Chunking
Introduction
A critical component of RAG is the chunking process, where large documents are divided into smaller, more manageable pieces called “chunks.”
Chunking serves multiple purposes in RAG:
Efficiency: Smaller chunks reduce computational overhead during retrieval.
Relevance: Precise chunks increase the likelihood of retrieving relevant information.
Context Preservation: Proper chunking maintains the integrity of the information, ensuring coherent responses.
However, inappropriate chunking can lead to:
Loss of Context: Breaking information at arbitrary points can disrupt meaning.
Redundancy: Overlapping chunks may introduce repetitive information.
Inconsistency: Variable chunk sizes can complicate retrieval and indexing.
Strategies
Fixed Length

Advantages:
Simplicity: Easy to implement without complex algorithms.

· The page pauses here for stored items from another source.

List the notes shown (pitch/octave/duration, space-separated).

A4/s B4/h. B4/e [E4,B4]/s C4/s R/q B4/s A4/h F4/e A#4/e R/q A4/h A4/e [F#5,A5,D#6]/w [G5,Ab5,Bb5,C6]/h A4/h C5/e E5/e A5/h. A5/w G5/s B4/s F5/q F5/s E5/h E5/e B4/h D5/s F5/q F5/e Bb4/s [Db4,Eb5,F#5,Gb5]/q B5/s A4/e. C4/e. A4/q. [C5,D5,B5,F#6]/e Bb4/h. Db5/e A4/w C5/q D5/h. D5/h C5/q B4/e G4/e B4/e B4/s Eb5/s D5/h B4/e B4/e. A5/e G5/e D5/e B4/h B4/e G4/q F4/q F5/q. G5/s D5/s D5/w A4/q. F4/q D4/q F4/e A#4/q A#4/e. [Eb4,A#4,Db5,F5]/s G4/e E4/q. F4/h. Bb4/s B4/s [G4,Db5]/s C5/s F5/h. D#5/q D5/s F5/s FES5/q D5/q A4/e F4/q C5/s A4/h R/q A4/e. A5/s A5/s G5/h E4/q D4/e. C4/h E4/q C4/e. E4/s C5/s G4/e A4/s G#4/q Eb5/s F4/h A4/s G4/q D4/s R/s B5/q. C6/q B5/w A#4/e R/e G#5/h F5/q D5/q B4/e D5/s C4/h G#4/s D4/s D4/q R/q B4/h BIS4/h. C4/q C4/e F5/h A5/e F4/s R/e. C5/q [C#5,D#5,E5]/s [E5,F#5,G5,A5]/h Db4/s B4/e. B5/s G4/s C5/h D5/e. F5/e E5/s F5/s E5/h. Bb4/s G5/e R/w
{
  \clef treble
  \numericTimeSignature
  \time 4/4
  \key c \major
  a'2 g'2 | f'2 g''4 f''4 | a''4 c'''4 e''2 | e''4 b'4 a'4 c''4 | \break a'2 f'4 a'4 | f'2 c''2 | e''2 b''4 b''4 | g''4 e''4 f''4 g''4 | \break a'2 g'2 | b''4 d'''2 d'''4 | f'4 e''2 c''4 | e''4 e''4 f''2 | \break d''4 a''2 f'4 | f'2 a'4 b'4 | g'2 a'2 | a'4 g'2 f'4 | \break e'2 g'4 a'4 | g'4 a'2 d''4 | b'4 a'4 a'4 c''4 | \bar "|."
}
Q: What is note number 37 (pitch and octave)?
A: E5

Uniformity: Produces consistent chunk sizes, simplifying indexing.
Challenges:
Context Loss: May split sentences or ideas, leading to incomplete information.
Relevance Issues: Critical information might span multiple chunks, reducing retrieval effectiveness.
import { CharacterTextSplitter } from "@langchain/textsplitters";
const textSplitter = new CharacterTextSplitter({
chunkSize: 100,
chunkOverlap: 0,
});
const texts = await textSplitter.splitText(document);
Text-structured / Recursive based

Richer Context: Provides more information than sentence-based chunks.
Logical Division: Aligns with the natural structure of the text, split by the character that defined
Challenges:
Inconsistent Sizes: Paragraph lengths can vary widely.
Token Limits: Large paragraphs may exceed token limitations of the model.
import { RecursiveCharacterTextSplitter } from "langchain/text_splitter";
import { Document } from "@langchain/core/documents";
const text = `Some other considerations include:
- Do you deploy your backend and frontend together, or separately?
- Do you deploy your backend co-located with your database, or separately?
**Production Support:** As you move your LangChains into production, we'd love to offer more hands-on support.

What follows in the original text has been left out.